1.1 RC Feature List

Kevin Day
2005-08-13
2013-06-03
  • Kevin Day
    Kevin Day
    2005-08-13

    I'd like to start gathering a list of changes/improvements to consider for the 1.1 RC build (and possibly the 2.0 build).  Once we have a list together, we can decide which ones are most important, and who will be involved in the development of each.

    For starters, here are some things that have occured to me, and that have been mentioned in these forums by others:

    1.  Key compression at the byte[] level (i.e. generalized key compression - not just String key compression)

    2.  Inclusion of an additional standard key type (MultiPartLongValue) along with comparitor and serializer.

    3.  Implement true roll-back symantecs in the transaction logic

    4.  Implementation of a weak reference queue (WRQ) to ensure object identify when the same object is restored from disk multiple times.  I'm not entirely convinced that this should be performed at the RecordCache level...

    5.  Creation of a standard method/interface for index clustering and synchronization - i.e. use multiple BTree (or HTree) objects to allow indexed retrieval of the same set of objects.

    6.  Add getCount(startKey, endKey) to BTree to efficiently determine value count between two keys (inclusive)

    7.  Add delete(startKey, endKey) to BTree to efficiently remove all values between two keys (inclusive)

    8.  Replace HashMap with primitive hash map implementations in performance sensitive areas

    9.  Change file access to use NIO

    10.  Support for optimized montonically increasing key insertions

    11.  Add support for concurrent modification to TupleBrowser

    If you have others, please post...

    - K

     
    • mpinl
      mpinl
      2005-08-13

      12. Span a RecordManager over more than one physical file (i.e. divide the file chunks to work around file system limits)

       
      • Alex Boisvert
        Alex Boisvert
        2005-08-15

        I'm not a big fan of adding this feature in JDBM since modern file systems now support very large files (1TB+) and you also have a large array of choices when it comes to virtual file systems / volume managers on Windows, Linux, Solaris, ...

        I don't see the advantage of doing this in JDBM versus having the operating system handle it.

        Are you running in a special environment (e.g.

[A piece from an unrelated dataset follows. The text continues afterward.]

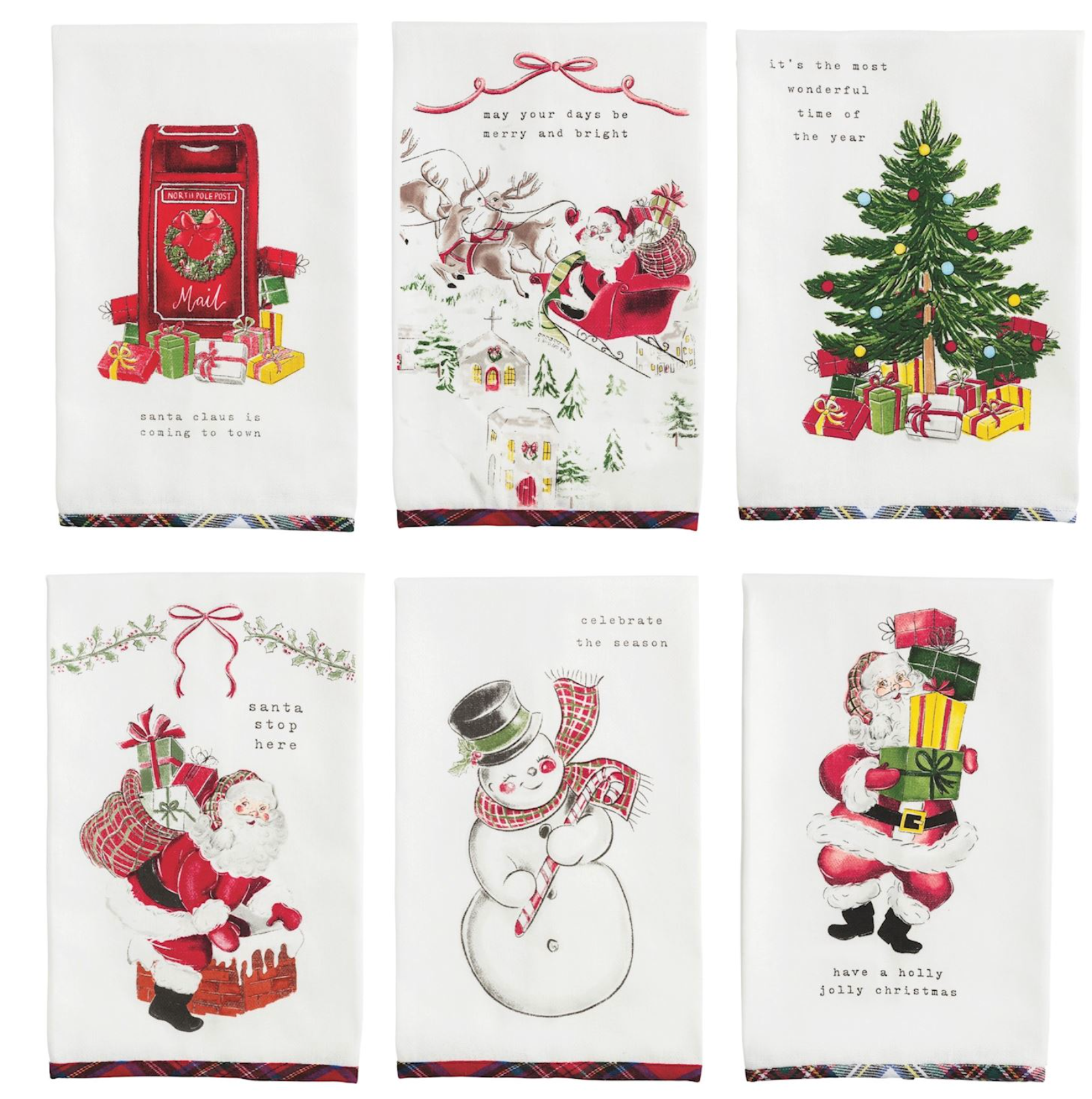 MUD PIE CLASSIC CHRISTMAS PRINTED TOWELS MUD PIE CLASSIC CHRISTMAS PRINTED TOWELS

J2ME) where there is no support for volume management?

        alex

         
    • Kevin Day
      Kevin Day
      2005-08-14

      13.  Add pack/rebuild/optimize/defrag type operations

      14.  Allow specifying the full database and log filename (instead of automatically appending extensions)

      15.  Addition of another data structure type - LargeBlobHolder - to store large chunks of data using the file system as the data store (e.g. instead of storing huge data sets in the record manager, store a reference in the record manager and store the data in individual files in the file system).  The trick here will be to manage this all in a transactionally safe manner...

      16.  Add support for encrypting BTree and BPage data.

       
      • Bryan Thompson
        Bryan Thompson
        2005-08-15

        17. Concurrent I/O, including asynchronous pre-fetch support.

         
    • Bryan Thompson
      Bryan Thompson
      2005-08-16

      BTree:

        - Expose the {@link Comparator} using a public method.  This makes it possible to apply the comparator when writing a wrapper over TupleBrowser that stops after it exceeds (or proceeds) a specified key.

      - Efficient count of the #of keys in a key range.

      - Return the last key in the BTree (or a Browser positioned immediately before that key).

      - Range browsing (I have implemented this in a wrapper class).

      - Support BTree traversal with concurrent modifications (already on the feature request list).

      - Support compressed keys for BTree (already on the feature request list).

       
    • Bryan Thompson
      Bryan Thompson
      2005-08-16

      - BLOB/CLOB support.

      I have implemented a sketch of this that uses a linked list of records (called "segments") to store the blob.  Each record is up to a given size, e.g., 10k or 100k or whatever.  The client gets an output stream (or writer) and writes on it.  The data are streamed into a buffer.  When the buffer is full a new blob segment is written to disk.

      This strategy could be extended to use write ahead (more than one buffer) and read ahead (prefetch).

      I'm not sure why we would want to handle blobs in the filesystem vs in the store, though I've heard Alex say this before.  I like the notion that everything is in the store file and I think that we can get the I/O rates up quite high with write ahead and prefetch strategies.

      There is, of course, a cost today if the in memory transaction buffer is used since a copy of the blob is still in memory.  So, I would also like to add:

      - Review the transaction management strategy.

      to the list.

      -bryan

       
    • Bryan Thompson
      Bryan Thompson
      2005-08-16

      - ObjectManager.

      I've been working on an object manager layer for jdbm.  This keys two transient pieces of information for each runtime surrogate: the recid of the persistent object and the reference to the object manager.  The result is a much simpler API for managing objects, but it has the cost that persistent objects managed by the object manager all extend a common base class (JDBMObject).

      I guarentee reference testing for equality (which requires a weak reference cache).

      The ObjectManager API does not throw IOExceptions.  I find these exceptions clutter up the code since they are never trapped except by some ultimate routine driving the transaction and they are only handled by rolling back the transaction.  We don't need to change the RecordManager interface to masquerade IOExceptions (though I would not mind), but I find that they make no sense if you are trying to hide the persistence layer behind an object interface.

      -bryan

       
    • Kevin Day
      Kevin Day
      2005-08-19

      17.  Inclusion of a standard StringSerializer class.  The current method of using default serialization is nasty (ObjectOutputStream embeds the full name of the class in the output byte array)